Robustness: Assessa has been applied to thousands of datasets. The algorithms automatically detect, and where possible, correct for poor image quality, for example due to image inhomogeneities.

LEAP- The algorithm that drives Assessa

Assessa is based on the LEAP (Learning Embeddings for Atlas Propagation) algorithm1.

In this method, the brain of the subject being processed is compared to a reference database containing multiple images with pre-segmented brain regions. LEAP uses patented technology to select a subset of the reference images that are most similar to the subject image, specifically taking into account the degenerative changes observed in the demented brain.
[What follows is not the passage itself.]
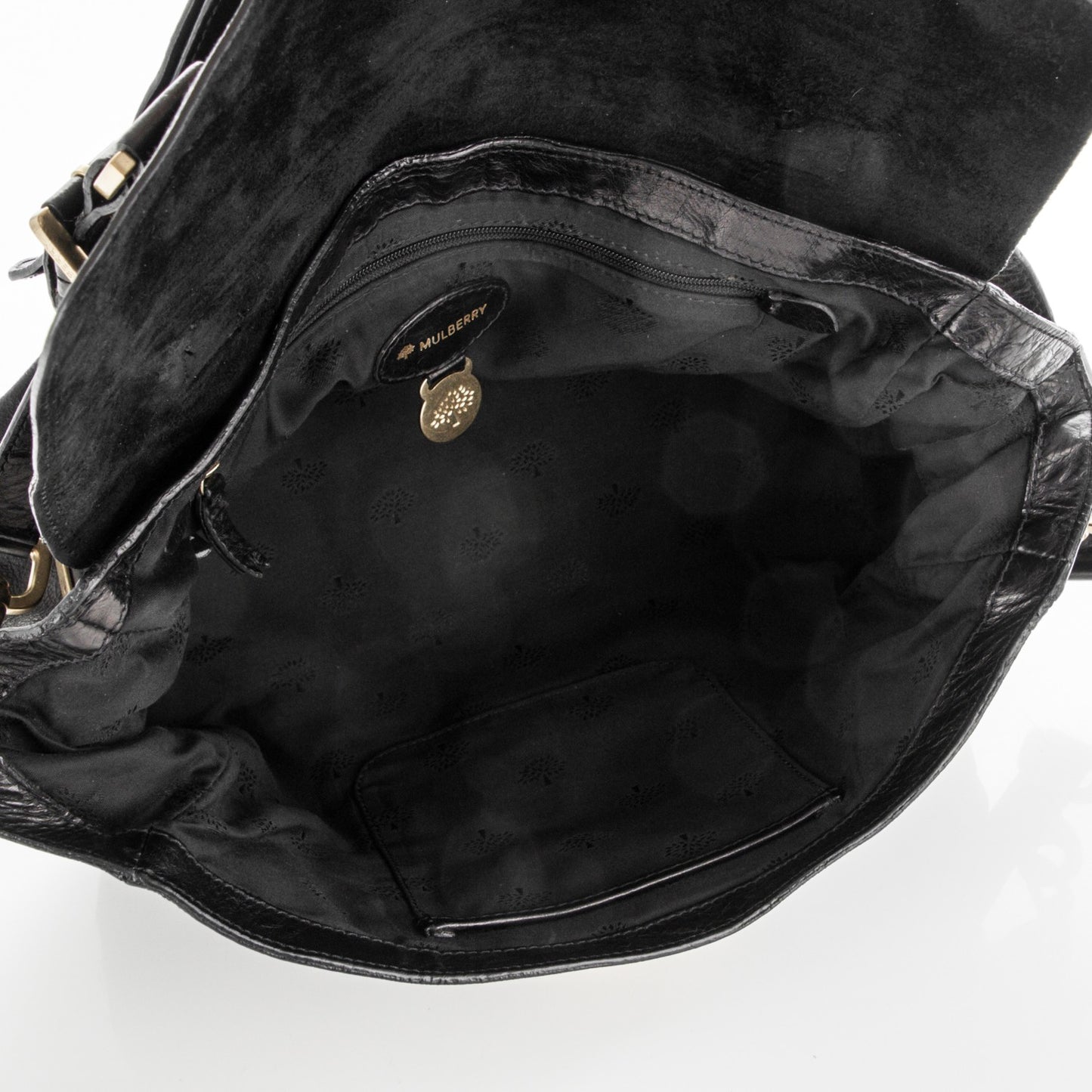 Soft Buffalo Medium Alexa Black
Aligning all selected reference images to the subject image allows the algorithm to obtain an estimate of the hippocampus localisation in the subject image.

LEAP has been shown to be able to predict time to dementia in subjects with MCI with an accuracy better than that of radiological scoring of Medial Temporal Atrophy2-4 and to be able to add complementary information to an analysis of cerebrospinal fluid, CSF5. LEAP can be applied to multiple brain structures including the hippocampus, amygdala, parahippocampal gyrus and lateral ventricles6, and a combined analysis has been shown to be able to increase the predictive power over that of hippocampal volume alone7.

The test:re-test performance of the LEAP algorithm has been characterized both on repeat scans on a single scanner, and moving the subject between 1.5T and 3T scanners, showing the robustness of the method towards the typical variability in acquisition protocols found between different clinical centers8.

LEAP was one of the algorithms included in the EMA qualification of Low Hippocampal Volume as a biomarker to enrich clinical trials of AD in the pre-dementia phase4. Recent work shows the impact of applying hippocampal enrichment on trial size and cost9.

 

1.Wolz et al, LEAP: Learning embeddings for atlas propagation, Neuroimage. 2010 January 15;49(2):1316-25.
2. van Rossum et al, Injury markers predict time to dementia in subjects with MCI and amyloid pathology, Neurology. 2012 Oct 23;79(17):1809-16.
3. Clerx et al, Measurements of medial temporal lobe atrophy for prediction of Alzheimer's disease in subjects with mild cognitive impairment, Neurobiol Aging. 2013 Aug;34(8):2003-13.
4. Hill et al, CAMD/EMA Biomarker Qualification of Hippocampal Volume for Enrichment of Clinical Trials in Predementia Stages of Alzheimer’s Disease, Alz and Dem, 2013.
5. Vos et al, Prediction of Alzheimer disease in subjects with amnestic and nonamnestic MCI, Neurology. 2013 Mar 19;80(12):1124-32.
6. Wolz et al, Segmentation of the ADNI database into 83 anatomical regions using LEAP, MICCAI 2011.
7. Wolz et al, Prediction of cognitive and functional decline in patients with mild cognitive impairment by multiple brain volumes automatically extracted from structural MRI, CTAD 2013.
8. Wolz et al, Robustness of automated hippocampal volumetry across MR field strengths and repeat scans, Alz & Dem, 2013.
9. Yu et al,Operationalizing hippocampal volume as an enrichment biomarker for amnestic mild cognitive impairment trials: effect of algorithm, test-retest variability, and cut point on trial cost, duration, and sample size, Neurobiol Aging. 2013.